WORK INSTRUCTION:
Could you count how many lines of the data include "show" and answer with the number only?

RECORDS SUPPLIED:
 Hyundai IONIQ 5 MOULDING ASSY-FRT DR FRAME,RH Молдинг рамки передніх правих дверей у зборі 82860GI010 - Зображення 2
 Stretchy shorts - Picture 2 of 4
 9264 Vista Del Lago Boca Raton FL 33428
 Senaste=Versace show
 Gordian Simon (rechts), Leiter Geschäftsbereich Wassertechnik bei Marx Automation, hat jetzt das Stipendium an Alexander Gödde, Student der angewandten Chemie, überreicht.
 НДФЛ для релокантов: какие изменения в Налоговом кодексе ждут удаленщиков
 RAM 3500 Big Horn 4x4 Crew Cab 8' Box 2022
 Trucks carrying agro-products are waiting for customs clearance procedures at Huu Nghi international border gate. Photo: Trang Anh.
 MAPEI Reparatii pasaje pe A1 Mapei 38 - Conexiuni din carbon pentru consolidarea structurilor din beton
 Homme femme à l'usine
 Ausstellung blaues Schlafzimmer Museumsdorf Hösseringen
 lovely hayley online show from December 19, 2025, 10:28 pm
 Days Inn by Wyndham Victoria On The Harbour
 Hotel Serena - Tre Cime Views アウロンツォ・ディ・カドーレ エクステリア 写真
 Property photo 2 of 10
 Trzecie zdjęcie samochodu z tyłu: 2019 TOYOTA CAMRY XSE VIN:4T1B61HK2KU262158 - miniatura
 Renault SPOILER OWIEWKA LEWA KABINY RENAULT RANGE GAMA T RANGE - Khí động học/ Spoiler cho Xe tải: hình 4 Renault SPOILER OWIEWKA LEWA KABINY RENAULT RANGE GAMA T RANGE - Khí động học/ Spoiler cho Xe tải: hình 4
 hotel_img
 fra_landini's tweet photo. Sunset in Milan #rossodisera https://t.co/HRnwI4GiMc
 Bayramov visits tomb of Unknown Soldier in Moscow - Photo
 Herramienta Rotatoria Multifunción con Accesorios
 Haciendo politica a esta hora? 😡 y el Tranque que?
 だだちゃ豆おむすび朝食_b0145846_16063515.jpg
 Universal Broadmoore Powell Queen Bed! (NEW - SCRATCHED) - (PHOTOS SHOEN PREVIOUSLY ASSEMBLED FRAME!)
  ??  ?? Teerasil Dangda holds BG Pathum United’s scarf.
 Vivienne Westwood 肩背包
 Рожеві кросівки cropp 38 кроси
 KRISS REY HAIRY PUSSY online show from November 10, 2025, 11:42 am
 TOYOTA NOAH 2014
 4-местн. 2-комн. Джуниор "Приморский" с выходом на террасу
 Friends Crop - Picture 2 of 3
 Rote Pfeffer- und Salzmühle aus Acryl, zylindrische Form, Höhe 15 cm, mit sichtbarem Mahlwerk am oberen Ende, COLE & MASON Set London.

RESULT OF THE EXERCISE:
3